Lost Update, Dirty Read, and Phantoms
The classic concurrency anomalies are lost update (two transactions both overwrite the same item), dirty read (reading uncommitted data that may be rolled back), non-repeatable read (re-reading a value after another transaction changes it), and phantom reads (new rows appearing in a range query). Each can cause financial loss or incorrect business decisions.
Lock-Based Protocols
The simplest mechanism is locking. Transactions acquire shared (S) locks for reads and exclusive (X) locks for writes; compatibility rules dictate which locks can coexist. Granularity may be at the row, page, table, or database level, with each level balancing concurrency against overhead.
Two-Phase Locking (2PL)
Two-Phase Locking is the cornerstone protocol: each transaction has a growing phase during which it only acquires locks, followed by a shrinking phase during which it only releases them. 2PL guarantees conflict-serializability. Strict 2PL holds exclusive locks until commit, simplifying recovery. Rigorous 2PL holds all locks until commit and is the most common variant in practice.
Deadlocks
Locks can cause deadlocks: cycles in which transactions wait on each other's locks. Prevention strategies include wait-die and wound-wait, which use timestamps to decide which transaction is aborted. Detection uses a wait-for graph; when a cycle is found, one transaction is chosen as a victim and rolled back. Preventing starvation requires fairness in victim selection.
Timestamp-Based Protocols
Timestamp ordering assigns each transaction a unique timestamp and enforces serializability equivalent to the timestamp order. Read and write timestamps of data items are maintained; operations that would violate the order are aborted and restarted. This protocol avoids deadlocks entirely.

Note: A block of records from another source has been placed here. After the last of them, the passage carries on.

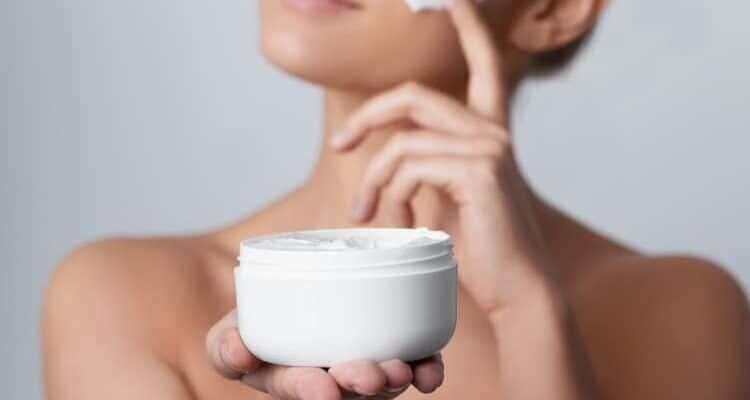kem dưỡng ẩm cho da dầu mụn giúp cân bằng độ ẩm và giảm mụn
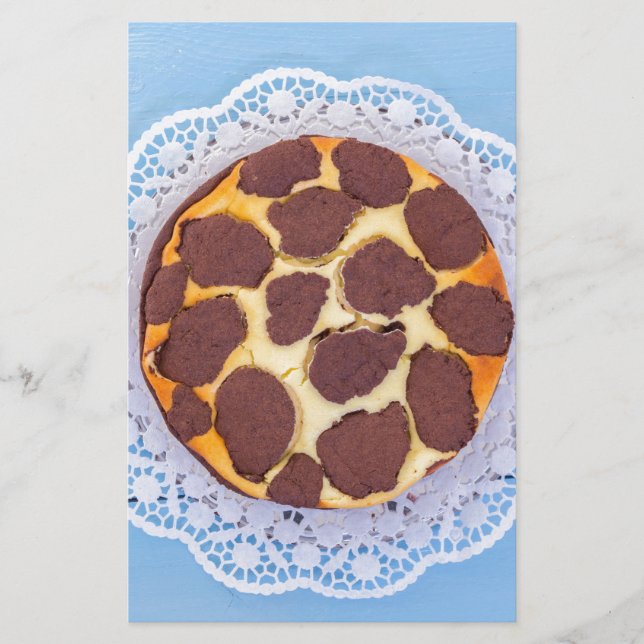 Cheesecake russo de chocolate com um dorso de made (Frente)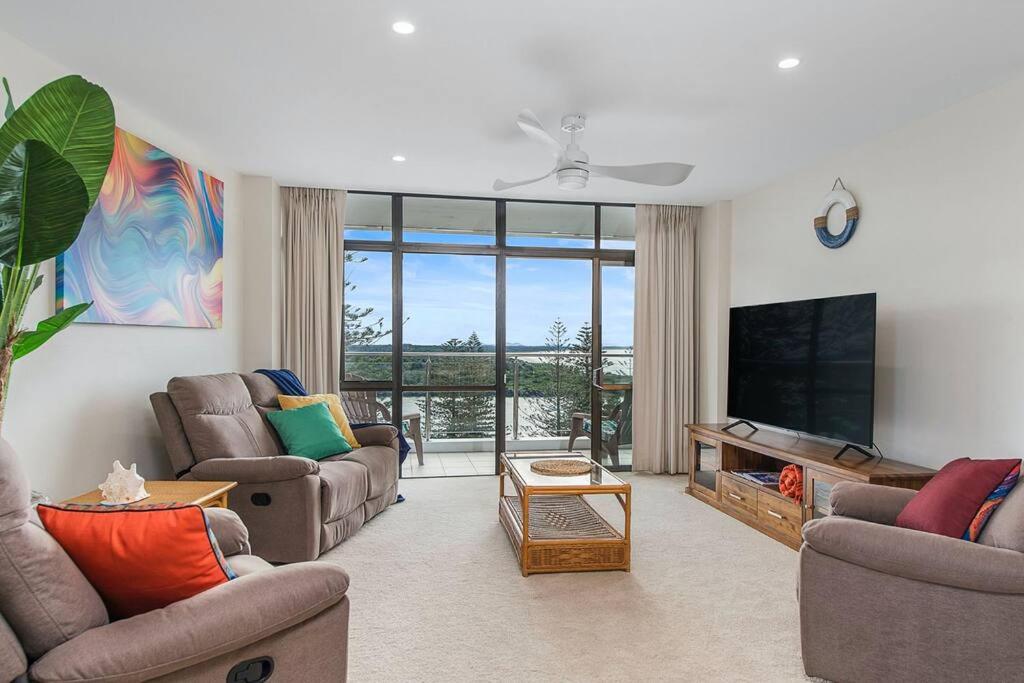 Tasman Towers Penthouse Apt 21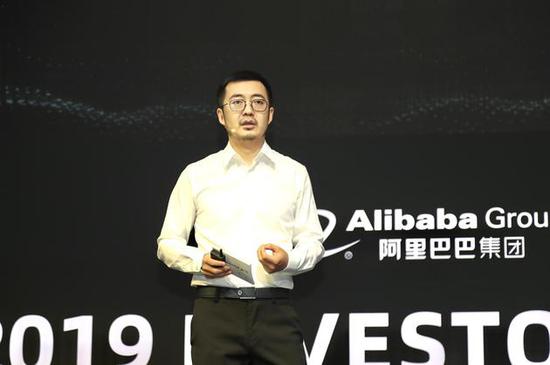 美航母南海耀武扬威疑遭中国海军围观 国防部回应 美航母南海耀武扬威疑遭中国海军围观 国防部回应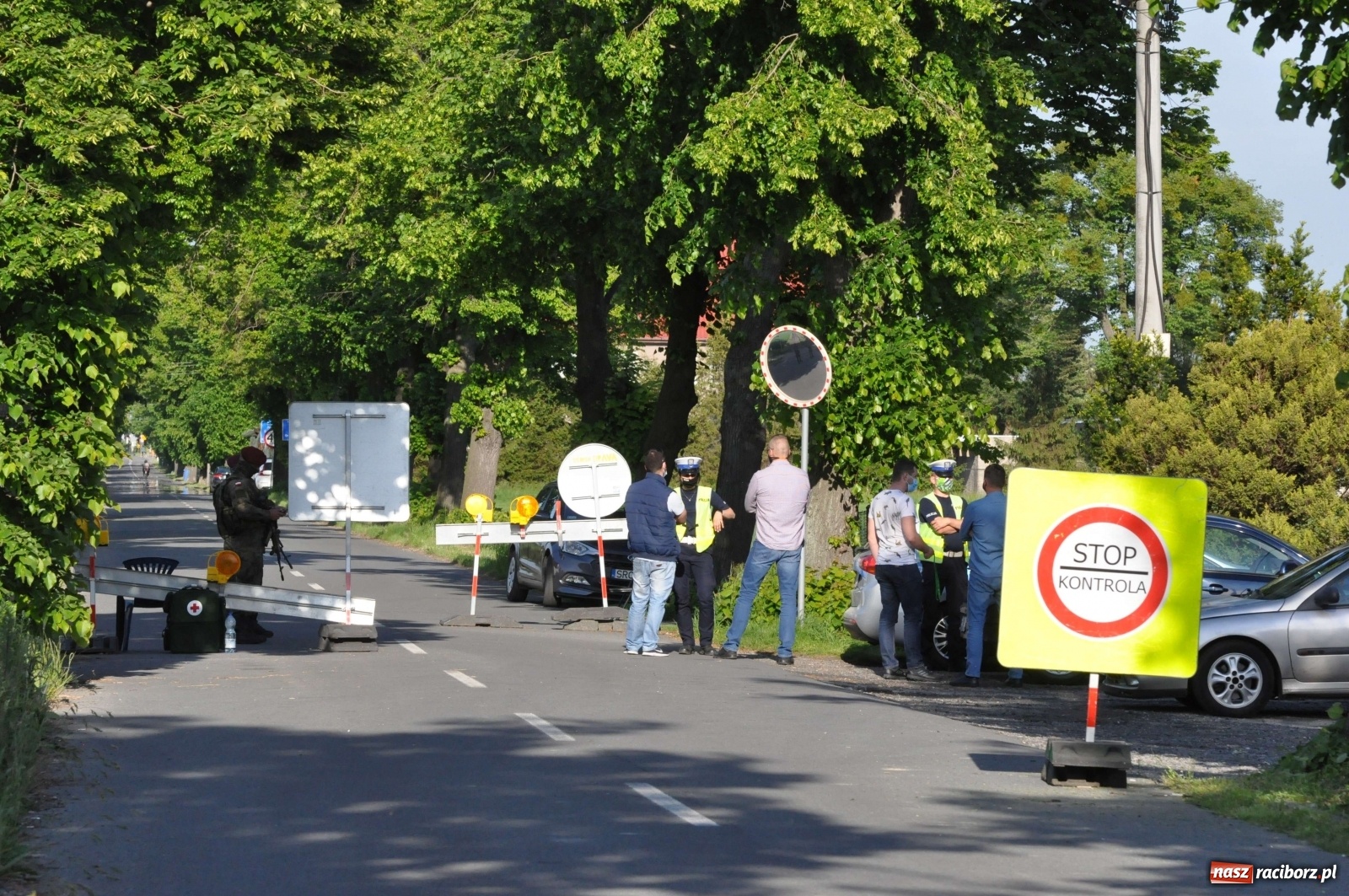 Zdjęcie w galerii na portalu naszraciborz.pl: Inicjatywa protestowała na przejściu Chałupki-Rudyszwałd-Šilheřovice [FOTO i WIDEO] wiadomości z regionu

Optimistic Concurrency Control
Optimistic protocols defer conflict detection to transaction end. Each transaction proceeds through read, validation, and write phases; validation confirms that no conflicting transaction has committed in between. Optimistic approaches work well when conflicts are rare.

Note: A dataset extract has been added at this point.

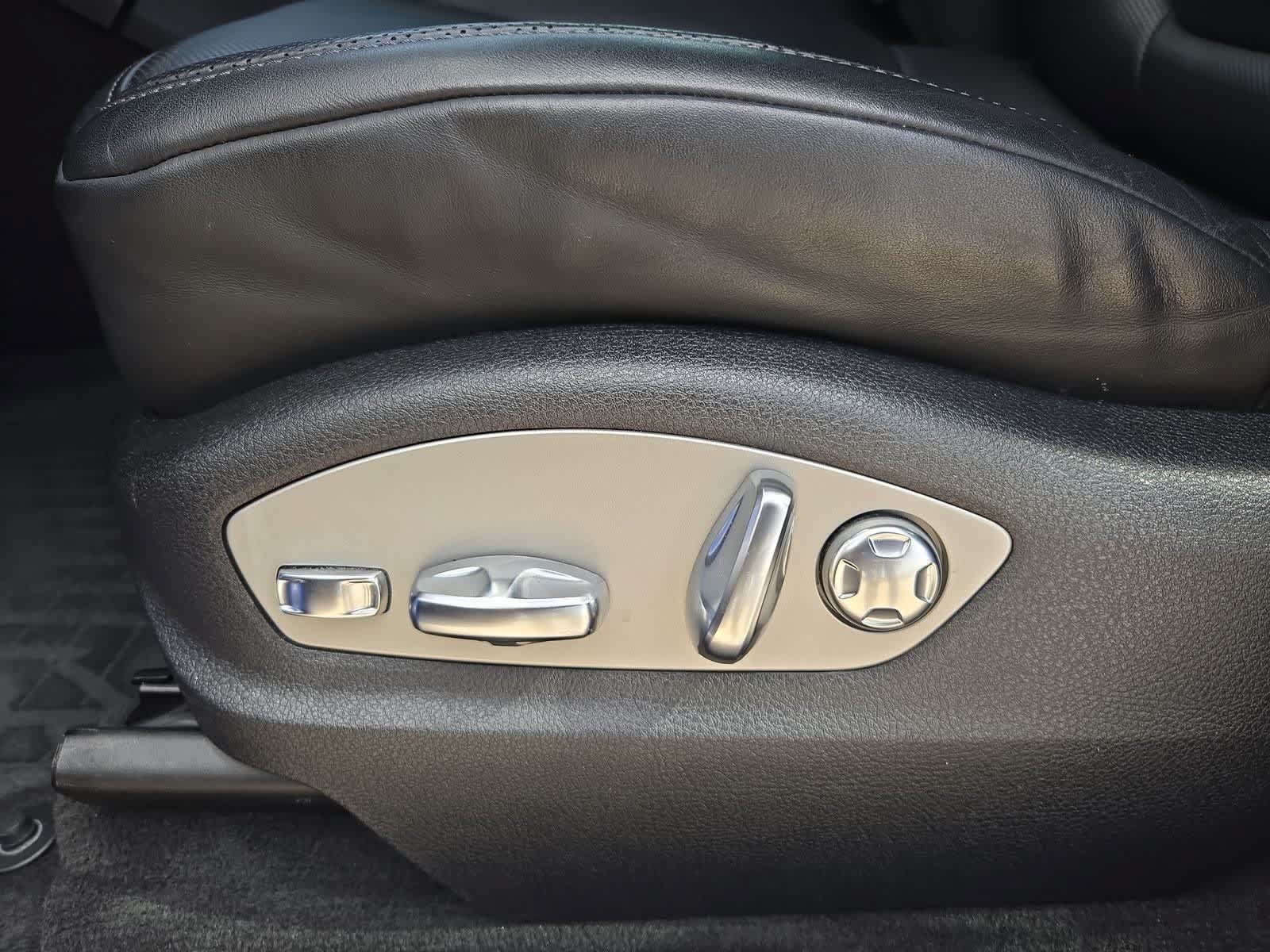 Used 2020 Porsche Macan AWD/4WD image 15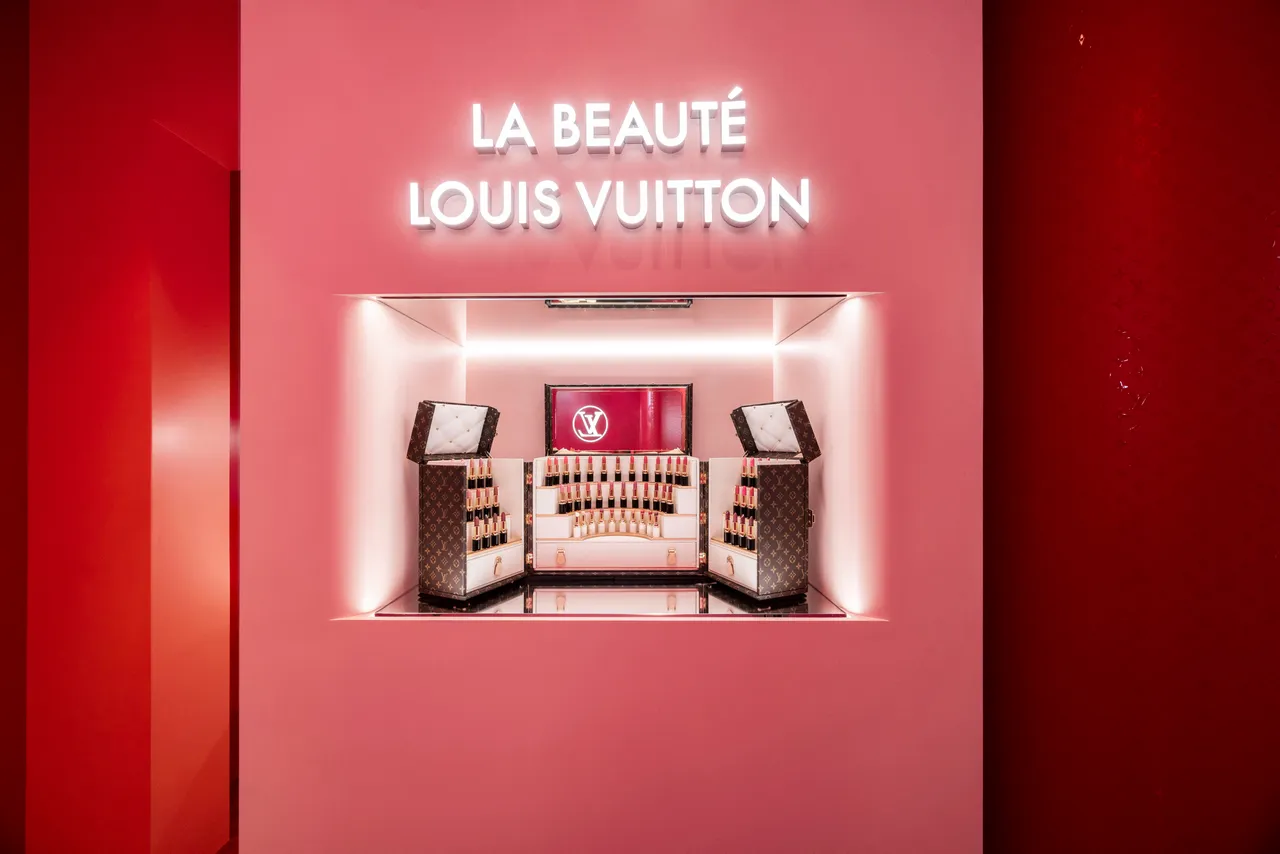 全系列65隻唇膏珍藏奢華硬箱（不含唇膏），169萬元。品牌提供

Multiversion Concurrency Control (MVCC)
MVCC maintains multiple versions of each data item so that readers and writers rarely block each other. Each transaction sees a consistent snapshot corresponding to its start time. PostgreSQL, Oracle, and many modern systems use MVCC; it provides high concurrency, especially for read-heavy workloads.

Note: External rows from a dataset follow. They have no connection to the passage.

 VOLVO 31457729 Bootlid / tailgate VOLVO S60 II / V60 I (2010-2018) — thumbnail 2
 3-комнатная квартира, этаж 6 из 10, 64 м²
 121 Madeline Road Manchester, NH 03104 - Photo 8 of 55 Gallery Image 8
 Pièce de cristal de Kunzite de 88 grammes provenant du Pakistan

Granularity and Intention Locks
Locks may span multiple granularities. Intention locks (IS, IX, SIX) on higher levels signal the presence of locks at lower levels, allowing a mix of coarse- and fine-grained locking without scanning all lower-level objects.
Index Concurrency
Indexes like B+ trees need their own concurrency protocols. Crabbing locks a parent node, moves to a child, then releases the parent once the child is safely latched. Specialized protocols such as B-link trees allow even higher concurrency during tree modifications.
Summary
Concurrency control balances correctness and throughput. Locking, timestamps, optimistic methods, and MVCC each solve the problem differently; production systems typically mix several techniques. Understanding these mechanisms is essential for writing and tuning high-concurrency database applications.